The entries below contain pictures. Write out only the lines from the line with "HOMCOM Geometric Bookcase, 5-Tier" up to and including the line with "Women's High-End Spring", exactly, without them.
┌──
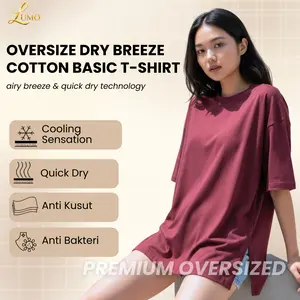 LUMO-Kaos Oversized Wanita Premium Basic Tee High Slits Polos with Cotton DryBreeze Cooling Sensation Quick Dry & Water-Repel Technology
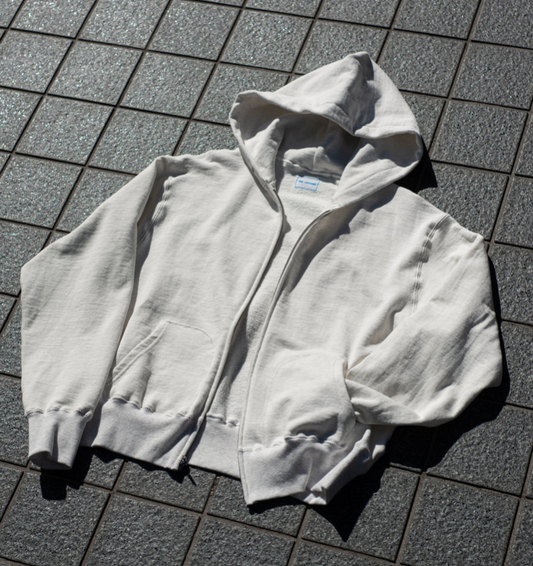 The Letters : SWEATSHIRT ZIP UP HOODIE -LOOPWHEEL FLEECE COTTON- / IVORY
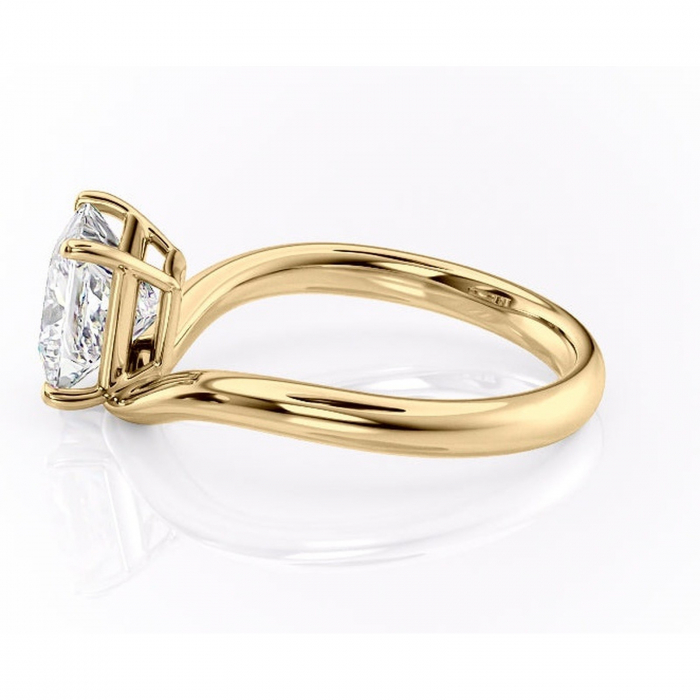 Inel de logodnă Silvara din aur Galben 14kt cu moissanite tăietură princess – Solitar rafinată pentru profil jos | Personalizează și configurează gratuit online [6]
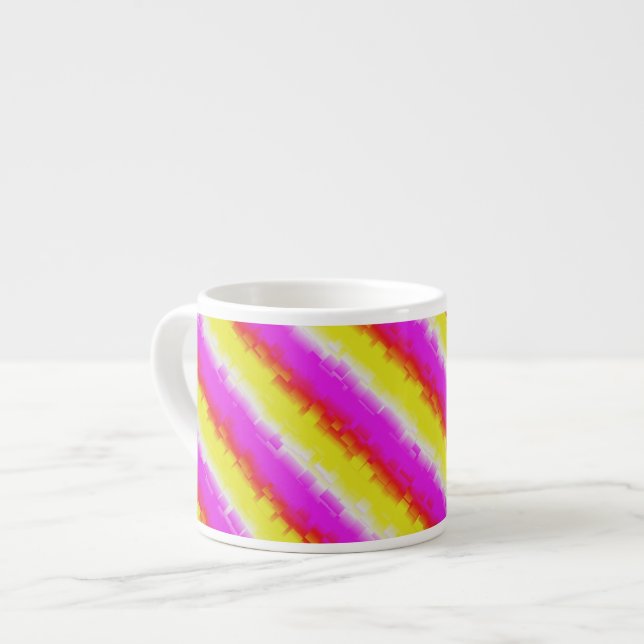 Yellow Pink Artdeco Rainbow Stripes Espresso Cup (Front Left)
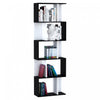 HOMCOM Geometric Bookcase, 5-Tier S Shaped Bookshelf, Black and White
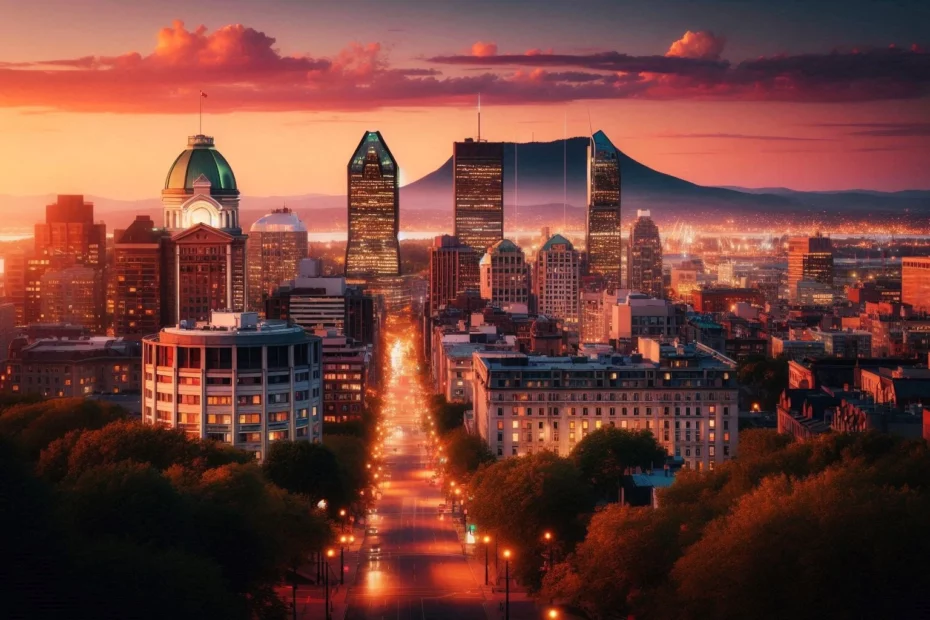 Kratom in Montreal with its cityscape at sunset with Mount Royal in background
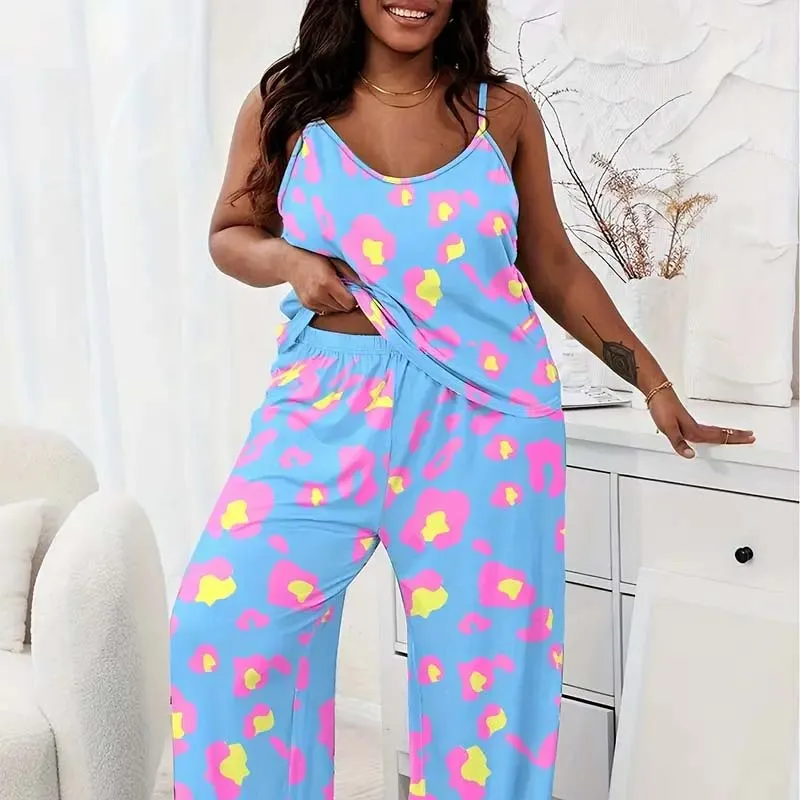 

Женский синий топ и брюки с V-образным вырезом, повседневный комплект из двух предметов для дома/пижамы, повседневный пижамный комплект.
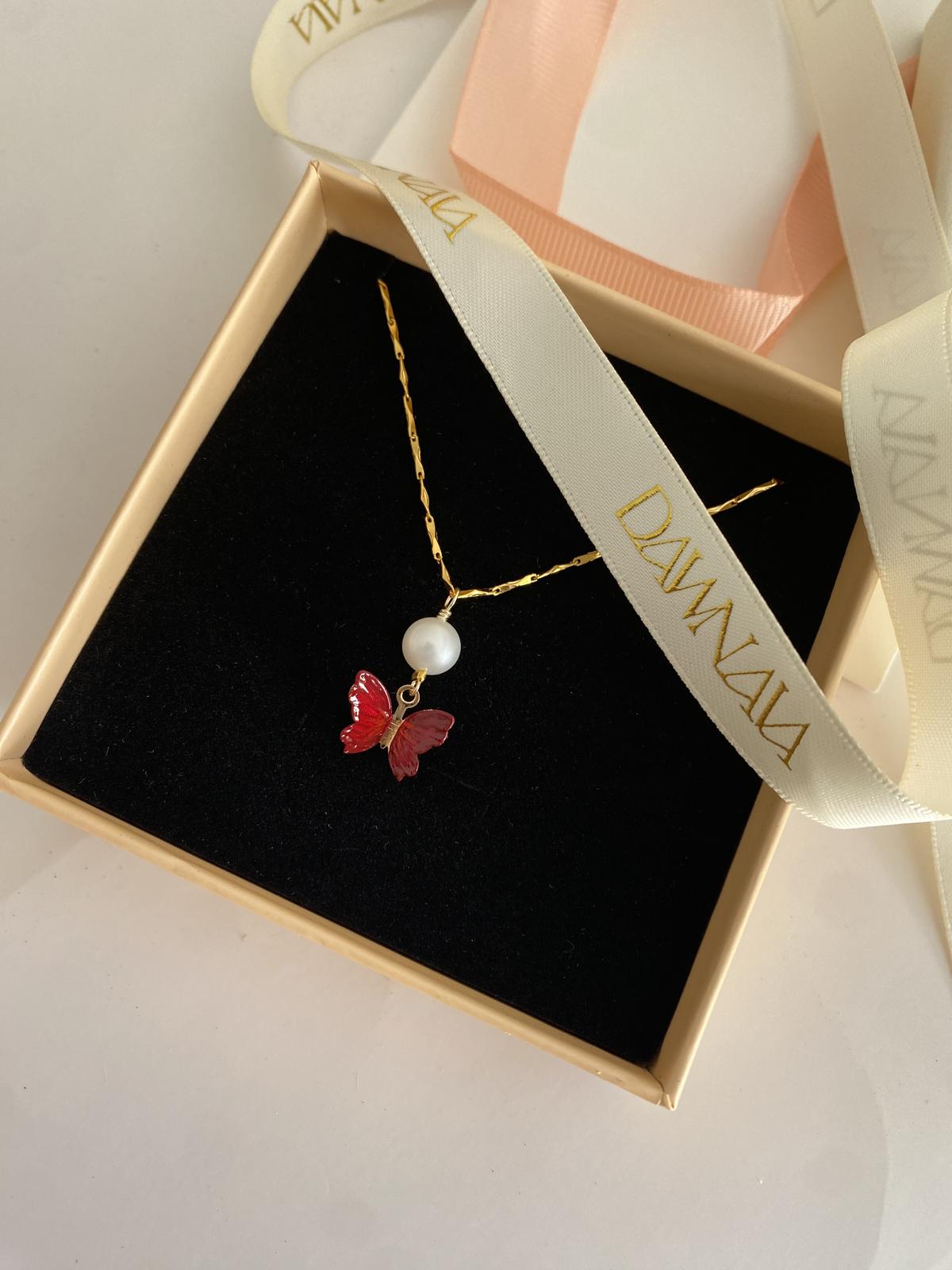 Original Hand-Painted Butterfly Necklace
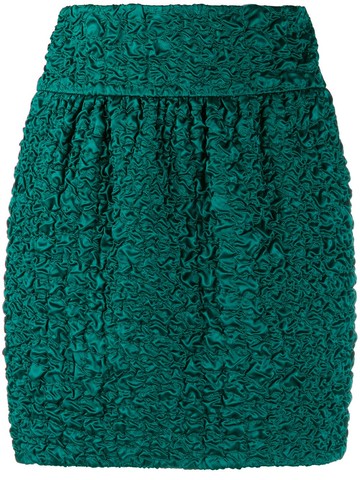 Saint Laurent - ruched mini skirt - women - Silk/Silk/Polyamide/Spandex/Elastane - 40 - Green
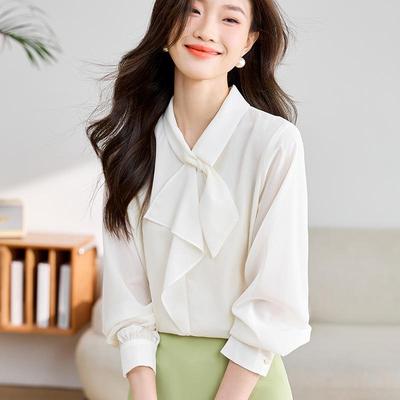 Women's High-End Spring 2025 Bow & Ribbon Long-Sleeve Shirt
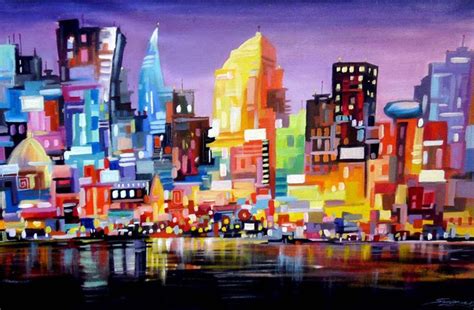 Night Abstract Cityscape-Acrylic on Canvas Paint | Artfinder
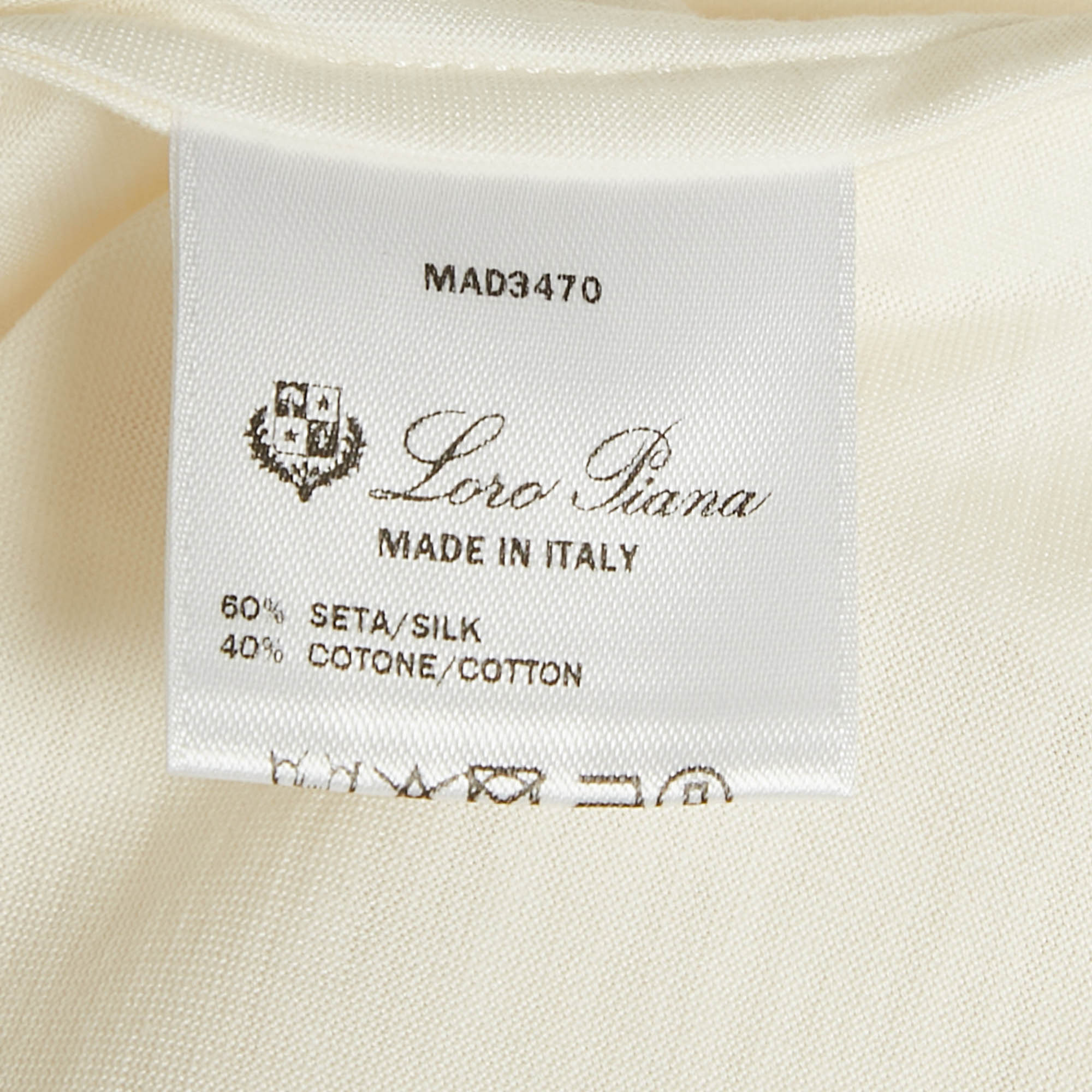 Loro Piana Off White Silk Jersey Crew Neck T-Shirt XXL 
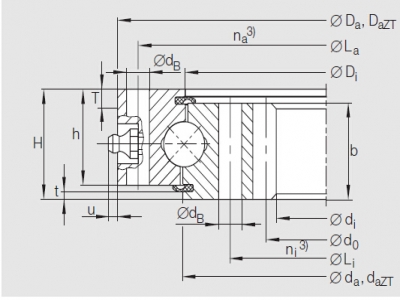 INA Series VI Four Point Contact Bearings(Internal Gear Teeth Type)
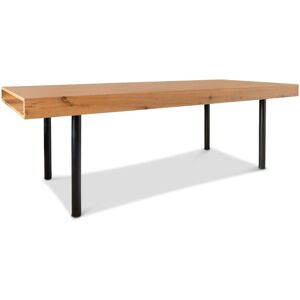 PIB Table de repas en bois clair et metal noir 10 places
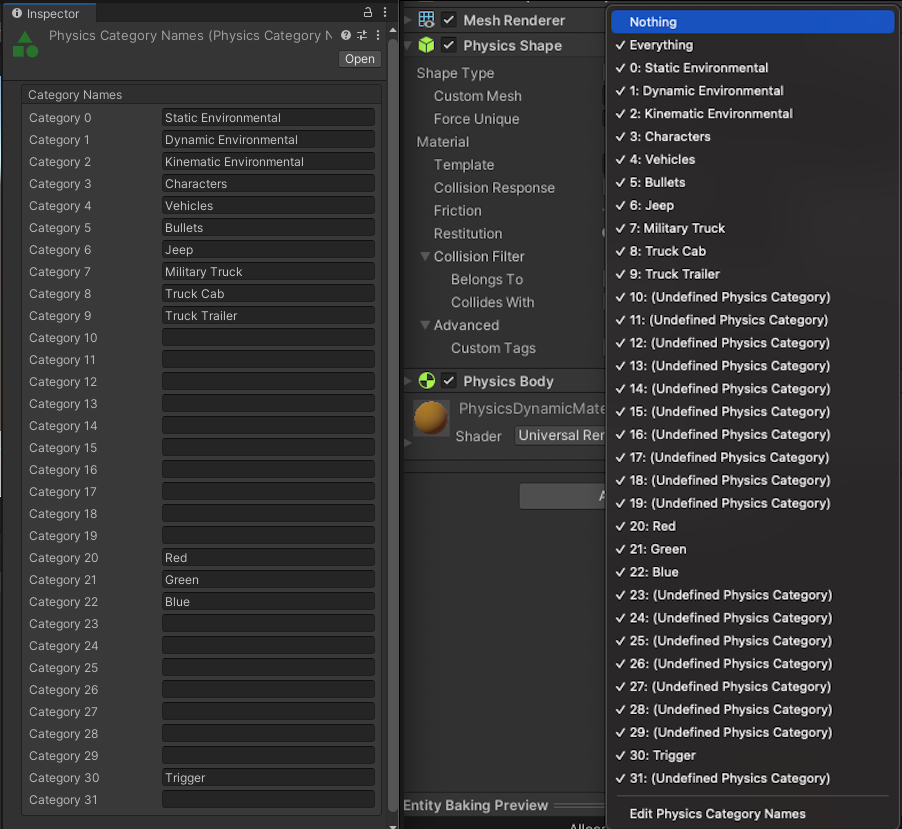 Physics Category Names Asset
└──
• [Response to this task]:
 HOMCOM Geometric Bookcase, 5-Tier S Shaped Bookshelf, Black and White
 Kratom in Montreal with its cityscape at sunset with Mount Royal in background

Женский синий топ и брюки с V-образным вырезом, повседневный комплект из двух предметов для дома/пижамы, повседневный пижамный комплект.
 Original Hand-Painted Butterfly Necklace
 Saint Laurent - ruched mini skirt - women - Silk/Silk/Polyamide/Spandex/Elastane - 40 - Green
 Women's High-End Spring 2025 Bow & Ribbon Long-Sleeve Shirt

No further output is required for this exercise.